The winter edition of the Grandmaster Ultras offers the gamut of classic distances: 100 miles, 100k, 50 miles and 50k in the “Three Corners” area near Mesquite, Nevada, where the states of Arizona, Utah and Nevada converge. The spot is lonely, set as it is in a vast surrounding wilderness. The area is desert, but the mid-February race date virtually assures that the temperatures will be neither too hot during the day nor too cold at night. The scenery is awesome, including many Joshua trees in the area, which tower above with their crooked branches and yucca-like plumes that will trick the eye into seeing all sorts of fantastic beasts in the low light of dusk and dawn.
Runners in their fifties are rock stars flashing past the Joshua trees and wading through the sand on their way to a win. The sixties crowd struts whatever stuff they have left without constantly wondering if the young runners that beat them them in every other race are really that good or just cashing in on their youth. And those in their seventies can use the generous cutoff times to grit it out and make a play for their former glory.

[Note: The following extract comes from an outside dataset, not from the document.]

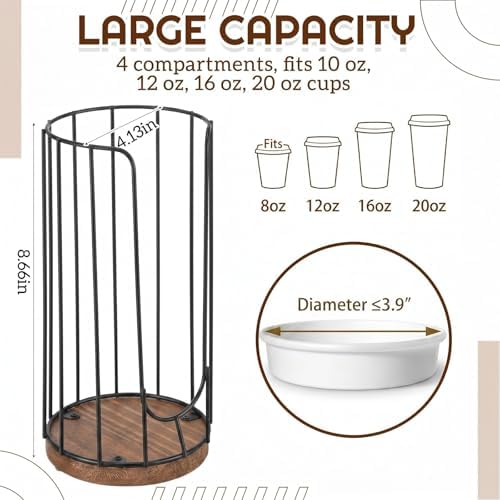 Geelin 18oz Adjustable Coffee Cup Dispenser with Wooden Base - Image 2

Not surprisingly, the race has an old school feel. There were runners with fanny packs like you would have seen at Western States in the late 1980s. The talk in one group was how Monica Scholz and Hans-Dieter Weisshaar were faring. Eric Clifton was there wearing his usual crazy tights. Also, in the 100-mile distance was Clyde “the Glide” Aker, Catra Corbett, Bobby Keough and Davy Crockett, all legendary veterans of hundreds of ultras.
The main course is basically a 50-mile loop over rough country roads and ATV trails. Runners pass each other heading out and back on a couple of long stretches of road, but for the most part, traffic is one way. Gradual elevation change is about 2,000 feet and occasional sections of scattered rocks make walking a safer choice than running, but there are really no obstacles that will keep you up at night.
The concept of this race is a great one — to set aside one event where older runners can feel special and pursue their passion solely among their like-minded (and age-minded) peers. The course seemed beautifully calibrated to the event; it was challenging enough to DNF quite a few runners but yielded to a steady and determined effort. I would encourage any runner (once they reach age 50) to put this race on their bucket list, and then maybe visit the bucket over and over again before they are impelled to kick it.